Newmarket, northern York Region must be part of Yonge North Subway plan: Taylor
'The whole region's population will be largely paying for this subway, and we need to make sure the entire region is included in the conversations and enthusiastic about this opportunity,' says Newmarket Mayor John Taylor
March 30, 2021
Alan S. Hale
Construction on the Yonge North Subway Extension, which would connect Vaughan and Richmond Hill into the Toronto subway system, could begin by 2024, but in the meantime, Newmarket Mayor John Taylor wants to make sure that communities in the northern areas of York Region get to have a say and benefit from the project.
"I continually see presentations that barely mention north York Region in this process. I would like to see more information about connectivity, other forms of transportation, what kind of parking is planned for commuters," said Taylor.
Last week, representatives of Metrolix came to York Region council to present an overview of the initial business case for the subway extension, which explained the proposed route and stations and addressed questions such as whether tunnelling underneath homes will be required.
But very limited information was available on how the project would benefit commuters from more northern communities like Newmarket.
Even though the extension will not be reaching as far as Newmarket, Taylor said the project is an important one for all of York Region.
"This subway will be an economic driver for the entire region, certainly the southern region more, but for the entire region as well. The whole region's population will be largely paying for this subway, and we need to make sure the entire region is included in the conversations and enthusiastic about this opportunity," said Taylor.
York Region will be expected to pay $1.5 billion over an unspecified number of years as its contribution toward the project.
With an environmental assessment underway, and plans to begin accepting bids from contractors in the spring of 2022, Rajesh Khetarpal, vice-president of community engagement, said Metrolinx will be working with communities to gather as much public feedback as possible.

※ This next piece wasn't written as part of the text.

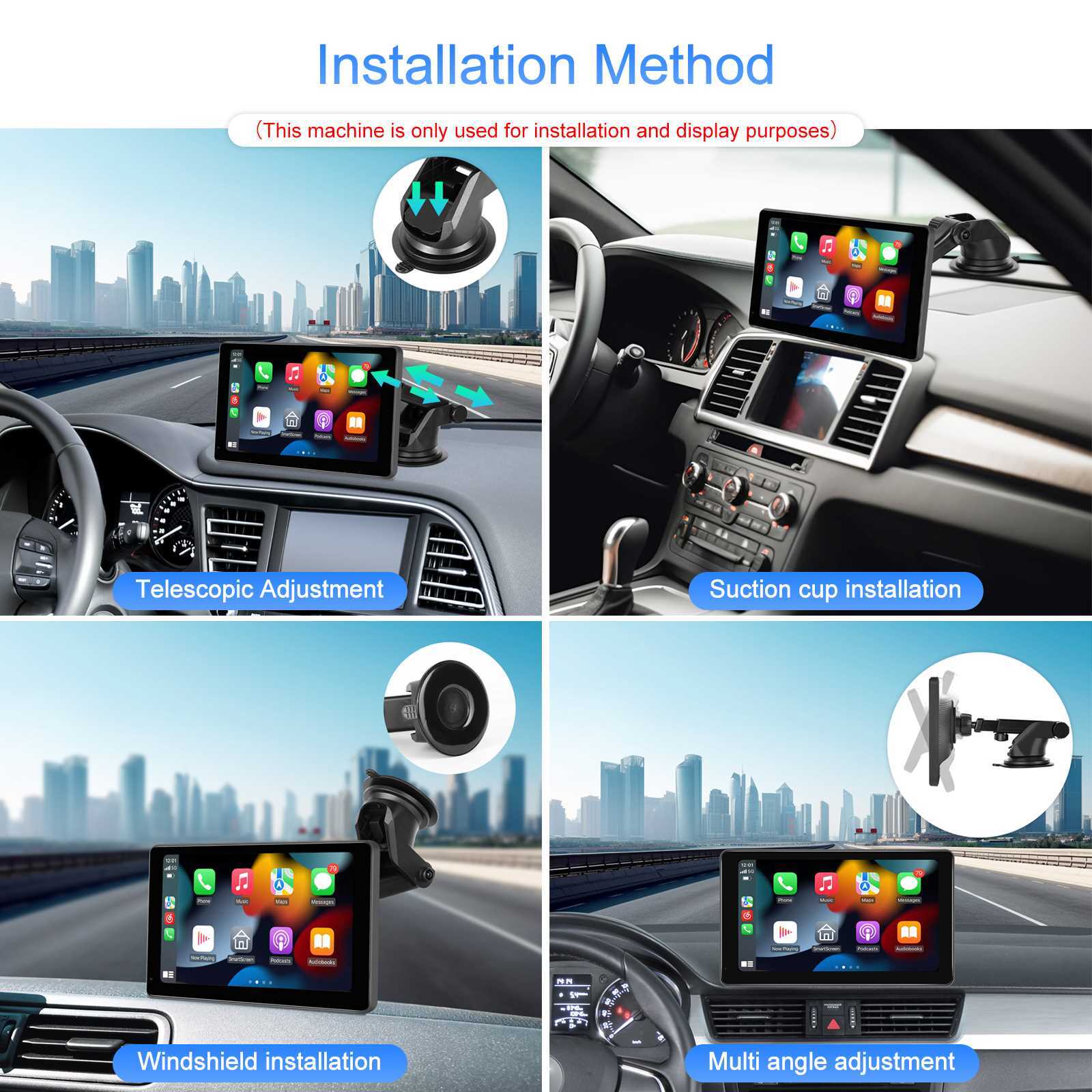 7" Portable Wireless Apple Carplay Car Stereo Android Auto BT Touch Screen Radio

"Fundamental to our work is our commitment to work with communities, early, often, and throughout the planning stages. We know that we have a lot of work to do. We have a number of activities planned," Khetarpal said.
A schedule of upcoming consultation events presented to regional council, however, did not explicitly show any activities in the more northern communities of the region. This was a concern for Taylor.
"Only holding meetings in the southern municipalities reinforces the perception that this is a subway only for southern York Region, and to be blunt, that is a tactical error. We need enthusiastic support from taxpayers, and so we need a broader understanding of what the benefits would be to commuters from the entire region."
There was mention of how the new extension would connect with other transportation services in the region, but not in any great detail. It was noted that two of the new stations proposed for Richmond hill, High Tech and Bridge, are designed to be transportation hubs and will connect to other transportation services.
The preferred plan for the subway has been changed so that it will come above ground in this area, making it easier for riders on buses to switch to the subway without having to go deep underground. Once on the train, it will cut the time to get into downtown Toronto by 20 minutes.The change in plans also avoids the necessity of tunnelling under a local cemetery, but it will mean that the subway will need to tunnel under some homes instead. The Metrolinx representatives noted that the tunnels will be an average of 20 metres underground and will use vibration-absorbing technologies, so there should be no impact on homes.